Jewish World Review April 29, 2004 /8 Iyar, 5764
Bing Crosby: Singer of the Century
May 2, 2004 will mark the hundredth anniversary of the birth of Bing Crosby, whose recorded voice continues to sing "White Christmas" every Yuletide.
Other singers who came after him, including Sinatra and Elvis, had their day but it was Bing Crosby who first put American popular songs on the map around the world. At one time, more people had heard the voice of Bing Crosby than that of any other human being.
Part of this was due to the times but much of it was due to the man himself. Bing Crosby came of age just when radio, recorded music, and motion pictures were coming of age during the 1920s and 1930s. Though he was one of many entertainers of that era, Crosby clearly became Number One and remained so for years.
Bing Crosby's casual, even breezy, style of singing was part of the reason for his great popularity and it influenced later singers who followed in his wake. It was a kind of singing that seemed as if anyone, amateur or professional, could do.
That was part of the greatness of his art, that it looked like it wasn't art. He didn't make a fuss about it but he made history with it. It was a little like the way Joe DiMaggio played centerfield, making it look easy, even when it was superb.
Bing Crosby is remembered for a certain style of singing but he was in fact the master of many styles. He was called "the crooner" because of his sweetly plaintive love songs, including his theme song, "Where the Blue of the Night Meets the Gold of the Day." But his raucous novelty songs were also classics from "I'm an Old Cow Hand" to his duets with Bob Hope, such as "Road to Morocco."
Then there were songs with an ethnic tinge like "McNamara's Band" for the Irish and "Small Fry" for blacks. No one associates Bing Crosby with country music but his rendition of "Walking the Floor Over You" stacks up against any of them. Frankie Lane sang the classic theme song for the TV series "Mule Train" but Crosby's version is right up there with it.
Bing Crosby could do it all. His versatility was unmatched by anyone before him or after him. Moreover, his versatility extended beyond singing to comedy as in his series of "Road" movies with Bob Hope and even to tragic drama, as in his portrayal of an alcoholic in "The Country Girl."
Later generations of young people turned to very different styles of singers and entertainers in general: more brassy, flamboyant, down and dirty not only on stage, but in their private lives, which became in fact quite public in an age of widely read scandal sheets.

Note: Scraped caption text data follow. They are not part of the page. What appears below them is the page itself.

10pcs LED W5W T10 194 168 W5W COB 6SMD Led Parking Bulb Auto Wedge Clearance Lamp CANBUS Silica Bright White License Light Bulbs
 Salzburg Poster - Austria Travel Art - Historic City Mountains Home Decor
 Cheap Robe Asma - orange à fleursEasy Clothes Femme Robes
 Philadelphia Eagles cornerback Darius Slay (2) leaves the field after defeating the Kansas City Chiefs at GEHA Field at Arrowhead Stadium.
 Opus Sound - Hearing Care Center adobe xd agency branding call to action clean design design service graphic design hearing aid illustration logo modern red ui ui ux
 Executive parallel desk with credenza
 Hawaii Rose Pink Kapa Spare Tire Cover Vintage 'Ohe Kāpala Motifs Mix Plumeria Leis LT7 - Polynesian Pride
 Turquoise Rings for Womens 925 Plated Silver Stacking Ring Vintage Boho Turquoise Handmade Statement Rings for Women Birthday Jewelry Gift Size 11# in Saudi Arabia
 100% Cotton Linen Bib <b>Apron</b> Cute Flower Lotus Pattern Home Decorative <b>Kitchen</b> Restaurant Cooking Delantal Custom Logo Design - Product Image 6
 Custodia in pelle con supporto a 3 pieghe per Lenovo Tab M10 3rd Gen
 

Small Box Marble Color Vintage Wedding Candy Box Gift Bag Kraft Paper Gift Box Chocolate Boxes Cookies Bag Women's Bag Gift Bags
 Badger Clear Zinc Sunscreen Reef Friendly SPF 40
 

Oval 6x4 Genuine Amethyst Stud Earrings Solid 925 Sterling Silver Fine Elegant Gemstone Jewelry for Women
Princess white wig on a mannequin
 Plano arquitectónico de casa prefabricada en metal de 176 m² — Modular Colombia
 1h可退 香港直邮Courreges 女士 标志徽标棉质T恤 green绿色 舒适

Bing Crosby was by no means goody-two-shoes, especially in his younger years. But his peccadilloes were not for public display and his style was not in your face.
It is hard to remember that even super stars are not born super stars. For years, Bing Crosby was simply a singer with Paul Whiteman's band. Nor was he prepared to follow the advice of those who told him that he could go make it on his own.
It was only after Crosby's youthful peccadilloes caused Paul Whiteman to fire him that he had no choice but to go out on his own. The rest, as they say, was history.
Some indication of Bing Crosby's standing before then may be suggested by a headline about his first marriage in the show-business publication "Variety": "Dixie Lee Marries Band Singer." Some of her friends warned that she would end up having to support him.
What of Bing Crosby the man? Some have depicted him as a strict, or even harsh, father. But standards of parenting were very different then and the end results not necessarily worse than those of today.
Perhaps the best measure of anyone is how they treat those who can do nothing for them. When Bing Crosby was the brightest star in show business, he was protective of young singers and actors with whom he worked.
When a young singer with whom he was singing a duet made a small slip, Crosby would immediately make a bigger booboo and say: "Oh, I messed up! Let's do that again." Anthony Quinn remembered how, back when he was "nobody," Bing Crosby saved him from a bitter attack from Dorothy Lamour.